今日は平日だし課題のチェックや明日の準備がある。
でも会えるかも、と思うと心がぐらつく。
いや、でもさすがに。
「…無理」
「そうだよね…」
「なに、なんかあるの」
「いや、由姫が喜ぶかな、とか」
「由姫ちゃんが?なんで?」
「や!無理ならいいの!気にしないで!」
「はぁ?」
じゃ!と奈々がそそくさと出ていく。
同時に昼休みが終わるチャイムが鳴った。
「誕生日プレゼント…か」
そう、プレゼントを用意してしまった。
似合うと思った髪留め。
あげても変じゃないよな。
無理、とは言ったけどもし今日行けるなら…。
ひと目でも会えたら。
放課後、1人の女子生徒が授業の質問、と準備室に来た。
なんとなく嫌な予感がしつつ、用事があるから手短にね、と言うとやっぱりな質問をしてくる。
「用事って彼女さんとかですか?」
「プライベートな質問には答えないよ。

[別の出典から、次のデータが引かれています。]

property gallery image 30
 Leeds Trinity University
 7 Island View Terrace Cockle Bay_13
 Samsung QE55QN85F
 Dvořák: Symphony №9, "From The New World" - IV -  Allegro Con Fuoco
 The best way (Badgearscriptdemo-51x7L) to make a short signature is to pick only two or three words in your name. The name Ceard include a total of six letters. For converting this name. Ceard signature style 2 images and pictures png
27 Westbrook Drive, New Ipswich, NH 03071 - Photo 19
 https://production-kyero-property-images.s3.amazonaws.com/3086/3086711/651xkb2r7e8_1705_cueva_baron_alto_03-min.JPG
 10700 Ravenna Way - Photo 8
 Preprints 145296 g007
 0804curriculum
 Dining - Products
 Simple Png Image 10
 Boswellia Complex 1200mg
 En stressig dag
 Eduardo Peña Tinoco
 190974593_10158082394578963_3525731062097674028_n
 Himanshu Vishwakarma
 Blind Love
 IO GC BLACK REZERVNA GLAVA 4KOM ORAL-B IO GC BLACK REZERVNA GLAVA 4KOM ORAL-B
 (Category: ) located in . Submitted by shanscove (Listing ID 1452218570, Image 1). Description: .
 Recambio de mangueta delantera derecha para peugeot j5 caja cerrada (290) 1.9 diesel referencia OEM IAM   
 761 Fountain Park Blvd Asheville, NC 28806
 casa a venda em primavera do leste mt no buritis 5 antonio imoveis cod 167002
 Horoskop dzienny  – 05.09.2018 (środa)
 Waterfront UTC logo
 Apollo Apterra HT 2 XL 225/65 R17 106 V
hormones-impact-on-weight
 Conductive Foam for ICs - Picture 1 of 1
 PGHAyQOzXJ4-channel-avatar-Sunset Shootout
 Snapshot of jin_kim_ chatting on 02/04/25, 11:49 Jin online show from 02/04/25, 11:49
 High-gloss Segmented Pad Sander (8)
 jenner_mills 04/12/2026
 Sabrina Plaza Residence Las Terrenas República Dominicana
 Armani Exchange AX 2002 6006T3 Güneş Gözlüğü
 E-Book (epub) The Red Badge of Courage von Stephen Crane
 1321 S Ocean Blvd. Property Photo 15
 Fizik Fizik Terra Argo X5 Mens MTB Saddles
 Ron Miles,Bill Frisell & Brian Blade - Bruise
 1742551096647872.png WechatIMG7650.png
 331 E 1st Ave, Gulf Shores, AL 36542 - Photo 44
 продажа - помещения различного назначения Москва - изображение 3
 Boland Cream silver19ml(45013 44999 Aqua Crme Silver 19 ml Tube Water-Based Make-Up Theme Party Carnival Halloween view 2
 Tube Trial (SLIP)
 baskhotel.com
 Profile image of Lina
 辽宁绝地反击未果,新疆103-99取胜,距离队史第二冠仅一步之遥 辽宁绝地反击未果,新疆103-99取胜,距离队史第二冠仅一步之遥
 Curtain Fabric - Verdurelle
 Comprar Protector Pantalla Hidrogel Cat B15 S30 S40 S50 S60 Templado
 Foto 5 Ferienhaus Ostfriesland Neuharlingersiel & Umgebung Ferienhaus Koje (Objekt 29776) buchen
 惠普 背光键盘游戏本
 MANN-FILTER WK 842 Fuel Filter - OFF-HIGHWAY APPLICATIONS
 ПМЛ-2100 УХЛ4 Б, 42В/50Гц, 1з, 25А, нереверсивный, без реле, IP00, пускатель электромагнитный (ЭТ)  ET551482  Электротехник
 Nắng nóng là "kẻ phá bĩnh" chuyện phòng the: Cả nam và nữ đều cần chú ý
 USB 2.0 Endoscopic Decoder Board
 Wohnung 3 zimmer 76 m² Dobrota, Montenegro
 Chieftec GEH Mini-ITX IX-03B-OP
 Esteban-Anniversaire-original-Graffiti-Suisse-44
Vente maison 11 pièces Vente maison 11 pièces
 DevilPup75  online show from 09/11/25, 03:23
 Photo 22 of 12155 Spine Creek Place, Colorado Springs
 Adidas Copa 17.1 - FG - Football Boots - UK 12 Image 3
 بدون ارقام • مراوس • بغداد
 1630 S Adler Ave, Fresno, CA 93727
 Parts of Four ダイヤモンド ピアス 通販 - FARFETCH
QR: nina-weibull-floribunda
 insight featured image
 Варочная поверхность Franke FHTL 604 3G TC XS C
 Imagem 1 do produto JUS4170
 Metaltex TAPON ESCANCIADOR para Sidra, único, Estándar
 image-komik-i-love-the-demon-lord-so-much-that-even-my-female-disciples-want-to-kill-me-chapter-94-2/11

授業の質問は?」
だまって俯いてしまった。
これは、マジなやつかな…。
「先生、好きです」
「…気のせいじゃない?」
「違います!私、本気です!」
「生徒は対象外だよ」
「私、もうすぐ卒業です!生徒じゃなくなりますよ!」
「よく考えてみな。俺、10歳くらい上だよ?おじさんじゃん」
「そんなことないです!」
「今はそれでいいかもしれないけど、すぐおじさんになっちゃうよ。同世代の男を好きになったほうが楽しいよ?」
「でも…!」
「…ごめん、本気ならなおさら気持ちには答えられない」
「先生…」
「ごめんね」
その子に言った言葉全てが自分に反ってくる。
彼女は生徒で、10歳下で、俺なんか…対象外だ。
きっと、これから同世代の誰かを好きになる。
それが、正しいはずなのに。
どうしても、受け入れられない。